Exact transcription, pictures omitted: reproduce the listing below.

__GIVEN INFORMATION__:
---------------

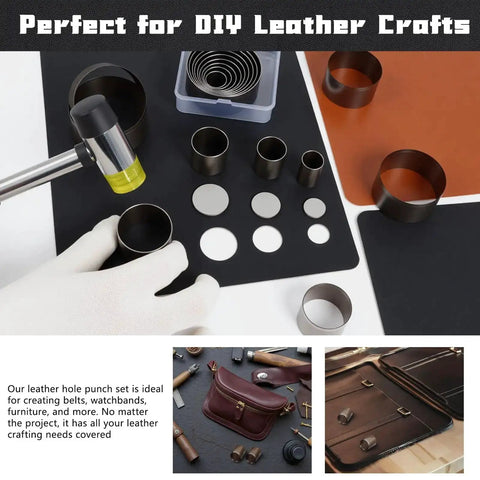 Leather Circle Cutter Tool Set With 21 Sizes From 15 To 55 Mm for DIY leather crafts with high-carbon steel hole punch dies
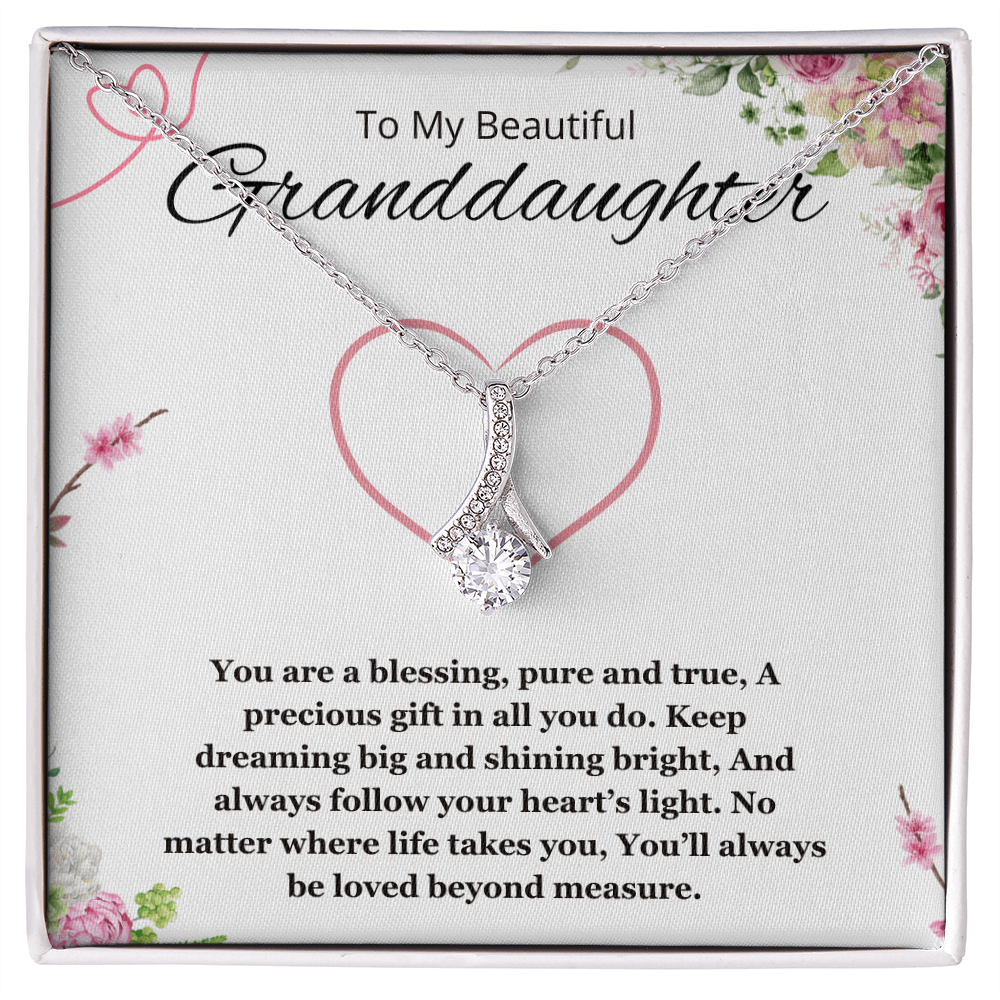 Granddaughter Gift Necklace for Birthday Graduation Alluring Beauty Jewelry from Grandpa Grandma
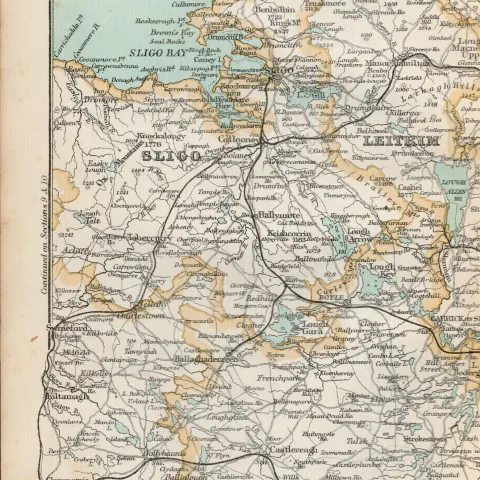 Dublin Meath Roscommon Sligo Leitrim Antique Map 7.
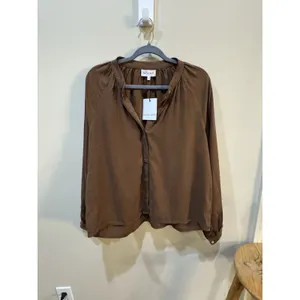 Bella Dahl‎ Button Down Blouse Women's Brown Size Large Raglan Balloon Sleeve thumbnail 2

---------------

__SOLUTION TO THE EXERCISE__:
 Leather Circle Cutter Tool Set With 21 Sizes From 15 To 55 Mm for DIY leather crafts with high-carbon steel hole punch dies
 Granddaughter Gift Necklace for Birthday Graduation Alluring Beauty Jewelry from Grandpa Grandma
 Dublin Meath Roscommon Sligo Leitrim Antique Map 7.
 Bella Dahl‎ Button Down Blouse Women's Brown Size Large Raglan Balloon Sleeve thumbnail 2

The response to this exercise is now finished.